Startseite › Foren › Über Bands, Solokünstler und Genres › Eine Frage des Stils › Blue Note – das Jazzforum › Miles Davis › Antwort auf: Miles Davis
gossip auf facebook, die story ist ja auch so halb bekannt (steht bei carr?), das datum ist falsch, das alles fand um thanksgiving 1965 statt, autor (gossiper) ist ein charles whitsey:
[frage] I’m going to end with this: There’s a new Miles Davis documentary called Birth of the Cool and Archie, you’re in it sharing a story, but the documentary only includes the first part of the story. I’m wondering if you can complete it for us.

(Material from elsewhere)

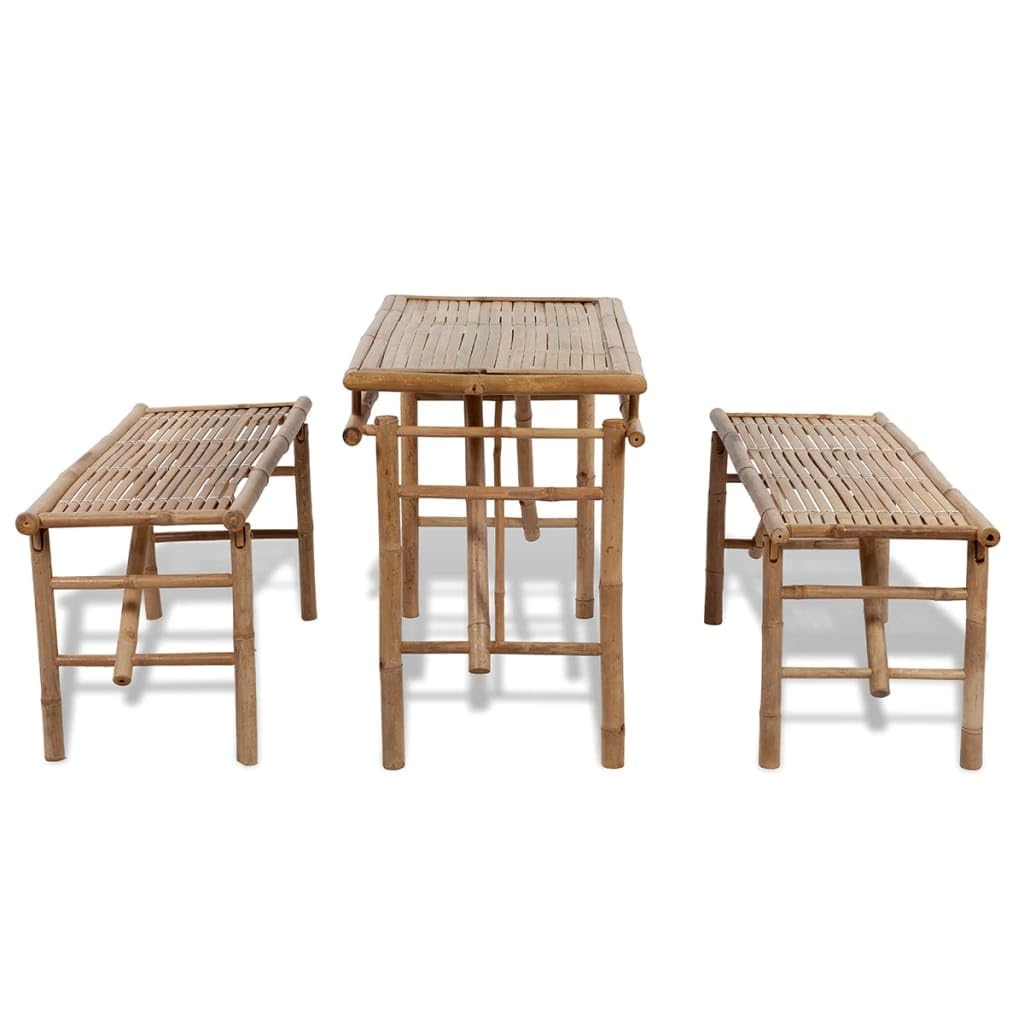 Biertisch-Set aus Bambus 100 x 50 x 70 cm faltbar mit 2 Bänken wetterresistent für Garten Balkon Terrasse Modernes Design Tropische Optik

[antwort archie shepp] I allowed myself to be talked into this and so I approached [Miles] very delicately, because he was surrounded by a coterie of admirers and he was deep in conversation. I dared to interrupt his conversation and I said, “Mr. Davis, my name is Archie Shepp.” He said, “Archie who?” “Archie Shepp.” He said, “Fuck you.” I was a young man but I had two children and I was married. I had respected him but I felt that he was totally disrespectful of me. So I responded to him in kind. “Fuck you—who the fuck are you?”
We got into this terrible argument, which went on for quite some time. One of his sons was there, who was a boxer, and Miles was a boxing enthusiast, and he says to me, “My son will kick your ass.” I said to him, “I’ll kick your ass on the bandstand, that’s where the music is made.”
At that point he took another attitude altogether. It was rather like the Old West. He said, “Take your horn out, motherfucker.” So that’s how I got to sit in with Miles Davis. [Cheers and laughter from audience]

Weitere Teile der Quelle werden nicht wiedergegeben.